*** Opening Records supplied ***
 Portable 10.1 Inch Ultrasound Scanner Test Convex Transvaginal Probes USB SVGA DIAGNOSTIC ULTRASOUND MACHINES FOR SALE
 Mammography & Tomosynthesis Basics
*** Closing Records supplied ***
*** Opening Records supplied ***
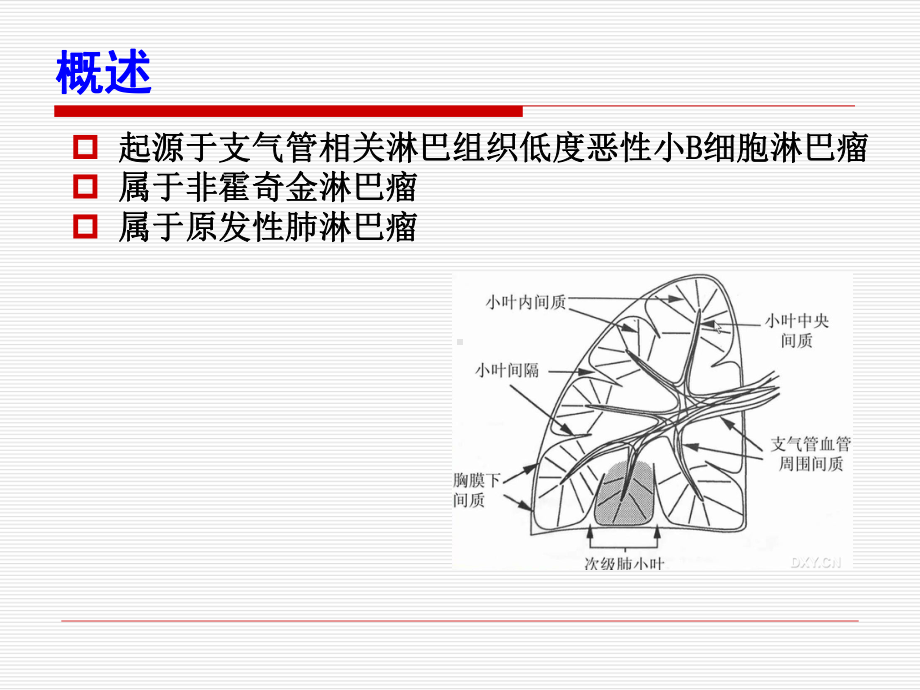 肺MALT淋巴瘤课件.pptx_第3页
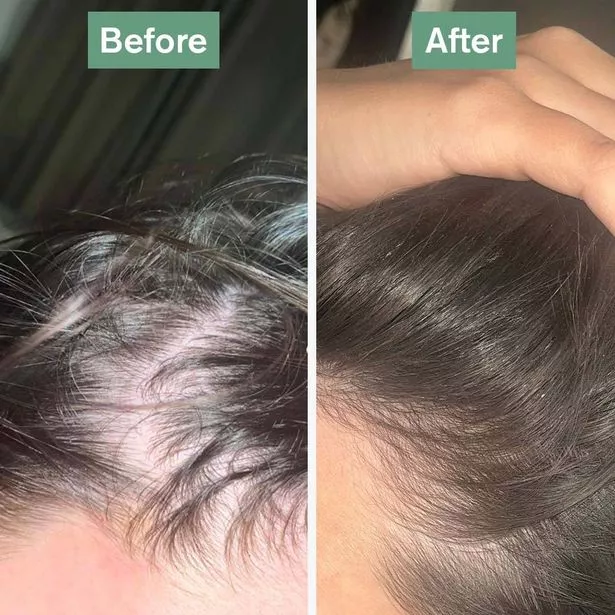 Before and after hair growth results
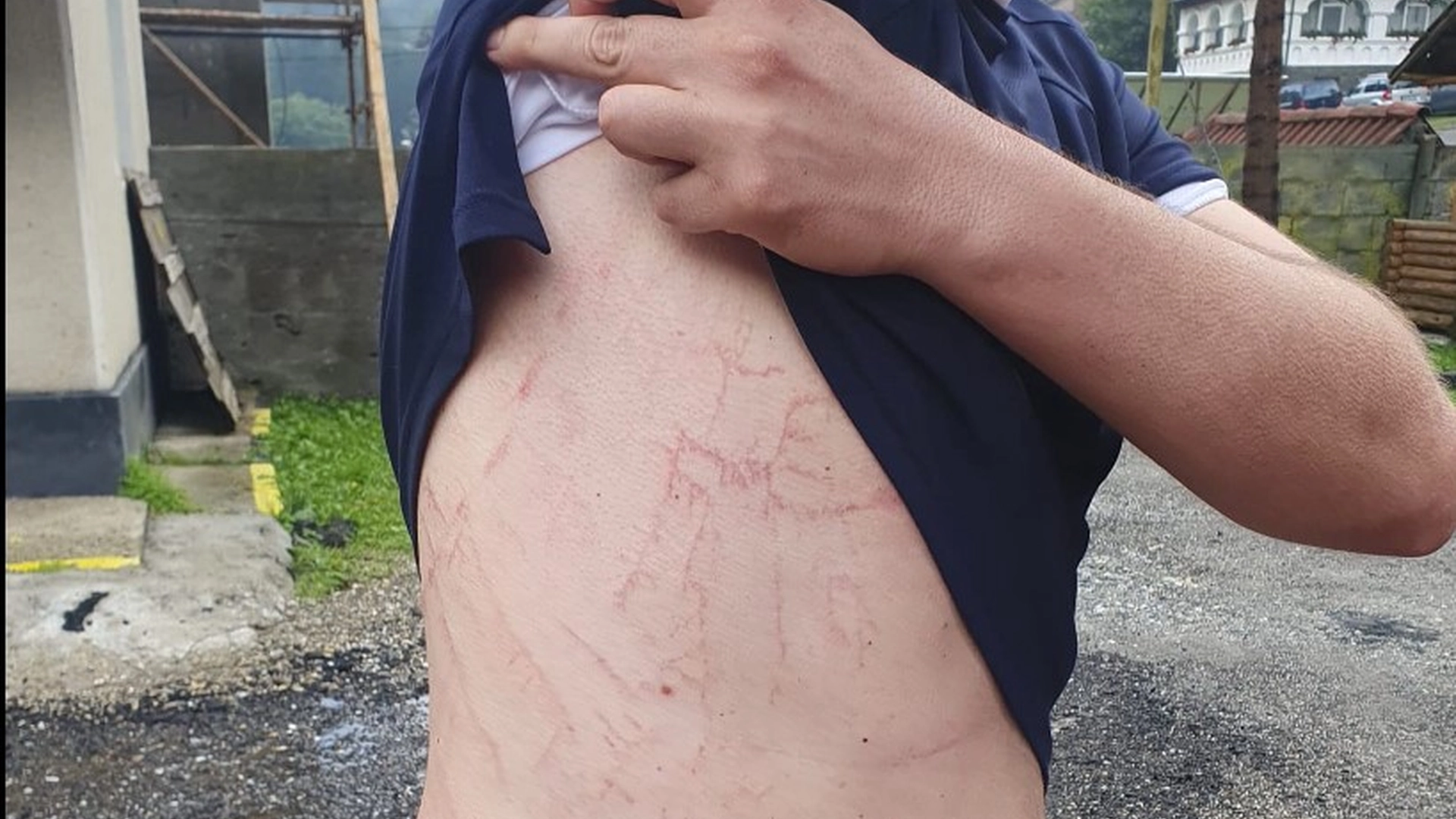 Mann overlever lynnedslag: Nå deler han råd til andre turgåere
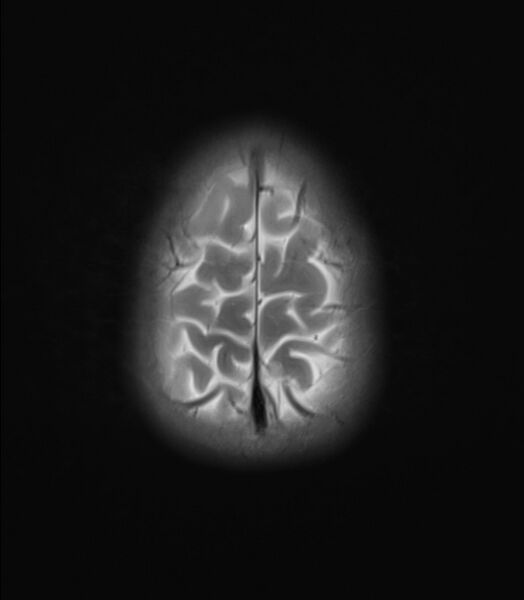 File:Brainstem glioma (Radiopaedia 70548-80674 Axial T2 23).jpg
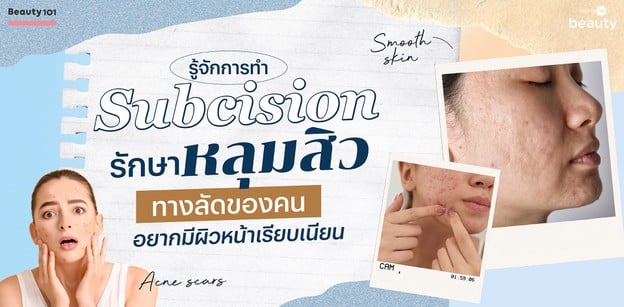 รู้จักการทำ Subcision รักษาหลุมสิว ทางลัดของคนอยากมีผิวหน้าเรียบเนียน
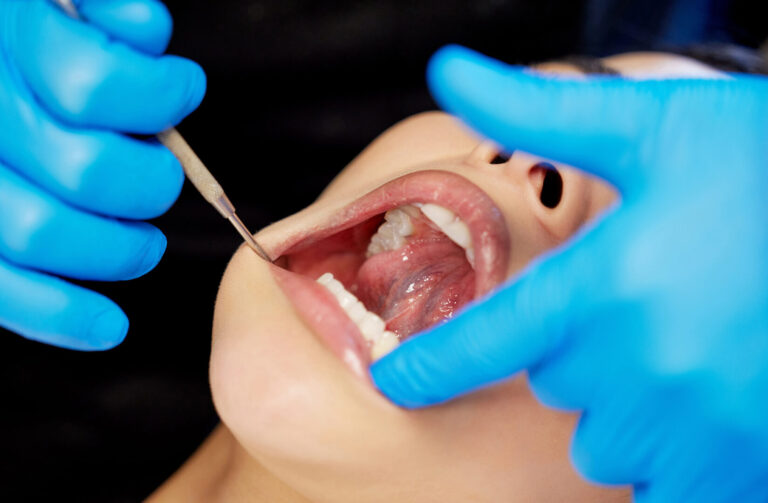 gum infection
*** Closing Records supplied ***
## What you need to do:
Copy out exactly the material that runs from the line with "File:Brainstem glioma (Radiopaedia" to the line with "gum infection", ends included, and leave the pictures behind.

## Exercise output:
 File:Brainstem glioma (Radiopaedia 70548-80674 Axial T2 23).jpg
 รู้จักการทำ Subcision รักษาหลุมสิว ทางลัดของคนอยากมีผิวหน้าเรียบเนียน
 gum infection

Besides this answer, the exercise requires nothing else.